Tree planting is not a gift to nature…[it is] like trying to teach kids about dairy farming by letting them play with milk bottles.

P. Evans, Tree News (1993)

Planting distorts the ecological ‘story’ the [Australian] bushland holds and considerably reduces the value of bushland for ecological research and education on the operation and resources of existing natural systems and their response to disturbance.

L. McLoughlin, 20011

PEOPLE HAVE planted trees in orchards and gardens probably since Neolithic times, and since Roman times have imported fruit trees from Europe. Planting areas of trees for timber or underwood was very rare before the seventeenth century. In the twentieth century, tree-planting took off on a far larger scale (Chapter 18). The Forestry Commission established, or encouraged others to establish, timber plantations, first on heath, moorland and poor agricultural land, and then in the third quarter of the century on the sites of existing woods. Then from 1973 (‘Plant a Tree in ’73’) the conservation movement took up tree-planting on an increasing scale, mainly in non-woodland situations. Between them these people have probably planted more trees in Britain, outside gardens and orchards, than in the whole of history before 1900. Most of the Commission’s trees were exotics such as Sitka spruce and Corsican pine. Most of the conservationists’ were thought to be native.

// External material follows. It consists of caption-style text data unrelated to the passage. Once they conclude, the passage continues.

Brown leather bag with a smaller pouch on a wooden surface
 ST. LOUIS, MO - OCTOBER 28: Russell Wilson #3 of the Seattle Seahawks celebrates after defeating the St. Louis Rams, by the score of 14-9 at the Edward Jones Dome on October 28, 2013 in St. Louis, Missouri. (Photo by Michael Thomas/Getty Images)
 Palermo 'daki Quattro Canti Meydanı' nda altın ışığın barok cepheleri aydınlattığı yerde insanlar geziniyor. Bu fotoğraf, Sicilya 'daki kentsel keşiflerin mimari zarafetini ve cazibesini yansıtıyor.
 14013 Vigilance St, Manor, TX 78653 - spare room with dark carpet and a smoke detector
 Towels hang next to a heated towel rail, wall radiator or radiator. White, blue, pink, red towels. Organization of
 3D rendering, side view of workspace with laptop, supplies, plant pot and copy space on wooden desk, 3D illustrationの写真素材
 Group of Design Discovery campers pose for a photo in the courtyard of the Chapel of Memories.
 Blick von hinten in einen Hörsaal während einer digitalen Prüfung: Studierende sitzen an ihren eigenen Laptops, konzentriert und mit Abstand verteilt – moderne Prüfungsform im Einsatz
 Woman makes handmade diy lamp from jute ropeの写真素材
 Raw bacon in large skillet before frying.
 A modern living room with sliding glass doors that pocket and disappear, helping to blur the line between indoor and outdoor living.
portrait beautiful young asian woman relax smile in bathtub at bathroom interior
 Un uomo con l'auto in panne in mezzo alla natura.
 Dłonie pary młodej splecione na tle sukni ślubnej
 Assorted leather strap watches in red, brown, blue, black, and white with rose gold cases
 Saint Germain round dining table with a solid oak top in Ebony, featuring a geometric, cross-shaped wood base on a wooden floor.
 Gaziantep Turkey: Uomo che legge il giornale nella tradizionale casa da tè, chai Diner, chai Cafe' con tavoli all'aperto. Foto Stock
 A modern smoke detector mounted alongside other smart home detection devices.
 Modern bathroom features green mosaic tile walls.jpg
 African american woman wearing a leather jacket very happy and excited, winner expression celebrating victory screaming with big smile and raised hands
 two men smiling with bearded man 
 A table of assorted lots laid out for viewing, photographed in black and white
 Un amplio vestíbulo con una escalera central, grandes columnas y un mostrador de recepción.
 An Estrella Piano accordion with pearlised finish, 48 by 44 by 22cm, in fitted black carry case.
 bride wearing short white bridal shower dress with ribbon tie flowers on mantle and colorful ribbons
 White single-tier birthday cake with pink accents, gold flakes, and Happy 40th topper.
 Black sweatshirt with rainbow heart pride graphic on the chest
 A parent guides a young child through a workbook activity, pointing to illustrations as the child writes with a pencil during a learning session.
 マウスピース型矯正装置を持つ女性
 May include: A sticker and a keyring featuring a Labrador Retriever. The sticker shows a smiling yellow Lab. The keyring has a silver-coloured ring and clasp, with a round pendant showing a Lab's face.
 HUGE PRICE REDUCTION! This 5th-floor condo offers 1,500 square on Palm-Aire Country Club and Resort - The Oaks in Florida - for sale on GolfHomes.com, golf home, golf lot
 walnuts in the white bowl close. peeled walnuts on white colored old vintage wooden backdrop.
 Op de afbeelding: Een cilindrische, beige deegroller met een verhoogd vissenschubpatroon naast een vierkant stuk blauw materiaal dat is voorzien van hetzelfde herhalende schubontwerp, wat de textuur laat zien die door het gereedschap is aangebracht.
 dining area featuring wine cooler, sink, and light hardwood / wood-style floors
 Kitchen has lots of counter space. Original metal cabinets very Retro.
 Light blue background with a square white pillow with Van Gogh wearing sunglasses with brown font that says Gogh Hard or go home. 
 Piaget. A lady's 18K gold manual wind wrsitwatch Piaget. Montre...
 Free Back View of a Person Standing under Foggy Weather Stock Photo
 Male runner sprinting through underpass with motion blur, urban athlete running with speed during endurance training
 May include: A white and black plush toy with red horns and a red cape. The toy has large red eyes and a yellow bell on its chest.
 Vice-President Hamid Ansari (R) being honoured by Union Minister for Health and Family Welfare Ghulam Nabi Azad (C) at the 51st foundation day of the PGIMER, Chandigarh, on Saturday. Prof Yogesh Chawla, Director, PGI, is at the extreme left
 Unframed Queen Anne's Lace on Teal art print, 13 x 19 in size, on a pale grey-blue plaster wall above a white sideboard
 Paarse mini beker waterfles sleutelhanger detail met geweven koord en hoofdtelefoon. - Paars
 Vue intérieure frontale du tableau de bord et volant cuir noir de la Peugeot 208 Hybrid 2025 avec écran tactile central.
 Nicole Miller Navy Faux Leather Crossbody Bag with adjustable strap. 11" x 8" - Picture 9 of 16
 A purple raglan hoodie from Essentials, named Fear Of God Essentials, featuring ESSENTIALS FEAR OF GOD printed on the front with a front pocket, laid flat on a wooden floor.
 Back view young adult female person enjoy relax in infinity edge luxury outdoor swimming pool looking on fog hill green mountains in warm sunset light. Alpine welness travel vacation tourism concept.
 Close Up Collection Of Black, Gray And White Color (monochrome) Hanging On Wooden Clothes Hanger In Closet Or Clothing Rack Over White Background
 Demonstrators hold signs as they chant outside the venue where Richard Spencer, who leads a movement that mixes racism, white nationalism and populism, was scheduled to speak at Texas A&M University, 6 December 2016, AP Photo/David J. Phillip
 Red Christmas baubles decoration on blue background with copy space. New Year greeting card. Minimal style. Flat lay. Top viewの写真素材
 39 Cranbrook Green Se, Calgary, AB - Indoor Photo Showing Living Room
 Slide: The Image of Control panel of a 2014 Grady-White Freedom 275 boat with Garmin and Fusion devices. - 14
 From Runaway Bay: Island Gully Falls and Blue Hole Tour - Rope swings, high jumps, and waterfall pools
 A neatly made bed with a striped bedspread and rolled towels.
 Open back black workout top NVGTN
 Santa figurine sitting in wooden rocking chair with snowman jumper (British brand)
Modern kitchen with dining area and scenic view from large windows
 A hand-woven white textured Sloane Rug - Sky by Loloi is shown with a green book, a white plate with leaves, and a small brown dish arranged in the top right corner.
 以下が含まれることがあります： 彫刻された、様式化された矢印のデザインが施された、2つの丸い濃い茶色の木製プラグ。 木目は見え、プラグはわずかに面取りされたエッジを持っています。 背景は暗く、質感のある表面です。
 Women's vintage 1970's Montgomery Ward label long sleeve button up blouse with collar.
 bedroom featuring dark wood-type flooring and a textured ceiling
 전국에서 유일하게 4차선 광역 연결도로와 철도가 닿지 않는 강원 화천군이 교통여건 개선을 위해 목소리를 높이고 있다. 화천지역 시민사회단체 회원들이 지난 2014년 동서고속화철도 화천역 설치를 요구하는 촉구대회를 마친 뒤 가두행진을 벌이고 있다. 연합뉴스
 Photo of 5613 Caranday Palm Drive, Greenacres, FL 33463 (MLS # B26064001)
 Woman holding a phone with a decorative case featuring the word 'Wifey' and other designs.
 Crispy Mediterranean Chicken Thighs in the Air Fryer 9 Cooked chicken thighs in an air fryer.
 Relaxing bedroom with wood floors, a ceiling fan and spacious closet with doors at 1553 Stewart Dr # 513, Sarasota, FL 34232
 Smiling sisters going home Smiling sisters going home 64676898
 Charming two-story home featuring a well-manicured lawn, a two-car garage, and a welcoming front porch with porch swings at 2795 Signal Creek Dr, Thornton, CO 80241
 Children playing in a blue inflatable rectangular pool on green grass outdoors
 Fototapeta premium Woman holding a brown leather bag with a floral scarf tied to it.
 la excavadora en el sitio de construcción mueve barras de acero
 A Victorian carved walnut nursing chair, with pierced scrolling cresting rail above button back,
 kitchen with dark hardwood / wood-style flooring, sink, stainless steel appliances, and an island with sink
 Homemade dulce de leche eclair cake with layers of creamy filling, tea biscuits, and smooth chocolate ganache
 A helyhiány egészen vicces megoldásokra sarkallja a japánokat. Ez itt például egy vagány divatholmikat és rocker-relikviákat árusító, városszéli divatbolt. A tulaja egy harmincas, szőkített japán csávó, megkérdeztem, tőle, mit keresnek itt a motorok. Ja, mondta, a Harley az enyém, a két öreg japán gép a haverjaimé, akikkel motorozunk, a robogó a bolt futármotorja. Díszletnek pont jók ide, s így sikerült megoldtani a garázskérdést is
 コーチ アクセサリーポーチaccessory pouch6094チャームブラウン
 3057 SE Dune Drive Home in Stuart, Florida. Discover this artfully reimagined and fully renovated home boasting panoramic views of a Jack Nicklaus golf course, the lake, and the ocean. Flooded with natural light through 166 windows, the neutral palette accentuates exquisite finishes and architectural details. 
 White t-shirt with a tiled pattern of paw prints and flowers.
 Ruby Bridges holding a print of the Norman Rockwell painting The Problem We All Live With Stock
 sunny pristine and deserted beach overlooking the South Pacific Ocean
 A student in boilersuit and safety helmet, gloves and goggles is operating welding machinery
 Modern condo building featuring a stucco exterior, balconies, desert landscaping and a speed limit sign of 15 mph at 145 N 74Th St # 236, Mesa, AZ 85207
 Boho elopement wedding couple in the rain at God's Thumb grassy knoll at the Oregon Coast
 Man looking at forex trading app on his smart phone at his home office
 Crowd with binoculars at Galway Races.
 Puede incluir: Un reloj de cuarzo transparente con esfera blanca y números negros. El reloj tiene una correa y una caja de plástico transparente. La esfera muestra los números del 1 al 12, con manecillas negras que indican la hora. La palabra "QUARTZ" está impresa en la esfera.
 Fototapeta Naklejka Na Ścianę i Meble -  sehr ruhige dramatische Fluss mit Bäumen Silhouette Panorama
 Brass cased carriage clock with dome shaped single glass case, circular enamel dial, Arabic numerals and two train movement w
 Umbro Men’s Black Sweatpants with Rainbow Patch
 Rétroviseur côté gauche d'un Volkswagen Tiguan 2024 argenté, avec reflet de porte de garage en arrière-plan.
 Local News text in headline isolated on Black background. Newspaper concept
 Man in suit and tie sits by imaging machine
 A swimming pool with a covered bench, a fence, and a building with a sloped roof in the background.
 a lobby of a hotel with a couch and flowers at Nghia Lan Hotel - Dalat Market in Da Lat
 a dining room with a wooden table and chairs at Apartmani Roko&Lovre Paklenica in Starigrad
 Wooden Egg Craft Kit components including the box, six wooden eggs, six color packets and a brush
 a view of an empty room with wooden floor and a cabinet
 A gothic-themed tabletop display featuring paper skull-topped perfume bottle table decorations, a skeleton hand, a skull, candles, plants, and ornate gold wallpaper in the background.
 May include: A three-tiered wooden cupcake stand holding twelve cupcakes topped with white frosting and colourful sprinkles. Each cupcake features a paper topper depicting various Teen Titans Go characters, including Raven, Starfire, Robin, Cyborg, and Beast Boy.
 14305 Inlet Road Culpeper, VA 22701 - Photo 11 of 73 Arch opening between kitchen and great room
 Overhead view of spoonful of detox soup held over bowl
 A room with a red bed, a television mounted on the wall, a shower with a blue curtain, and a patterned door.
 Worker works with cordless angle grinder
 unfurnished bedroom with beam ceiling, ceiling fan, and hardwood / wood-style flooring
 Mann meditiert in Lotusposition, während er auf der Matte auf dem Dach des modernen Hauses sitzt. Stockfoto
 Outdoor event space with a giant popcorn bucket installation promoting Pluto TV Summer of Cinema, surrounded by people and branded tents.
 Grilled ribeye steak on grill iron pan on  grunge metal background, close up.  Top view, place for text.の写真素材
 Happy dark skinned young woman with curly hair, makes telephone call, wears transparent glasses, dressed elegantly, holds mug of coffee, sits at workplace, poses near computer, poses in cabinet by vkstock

Motives for planting have been varied and sometimes incompatible. Common to many of the motives are the assumptions (usually unspoken and untested) that existing or past trees were themselves planted, that planting is needed to replace them, and that the trees now being planted will reproduce the properties for which their predecessors were valued. Is this so?

The fashion for transplanting trees from somewhere else (rather than sowing seeds on the site) leads to damaged or altered trees. Digging up a tree leaves much of the roots and mycorrhiza behind; growing a tree in a container constricts the roots. (Does it ever recover a normal root system?) Trees moved to another climate or a new soil may lack the proper mycorrhizal fungi and may be exposed to a world of new and hostile micro-organisms. Transplanted trees often die, and if they survive may suffer more than wild trees from drought or windblow. More surprisingly, some exotic trees, such as sycamore in Britain or Monterey pine (Pinus radiata) in Cornwall or Tasmania, fare better in new environments to which they are not adapted than in their home environments to which they should be adapted.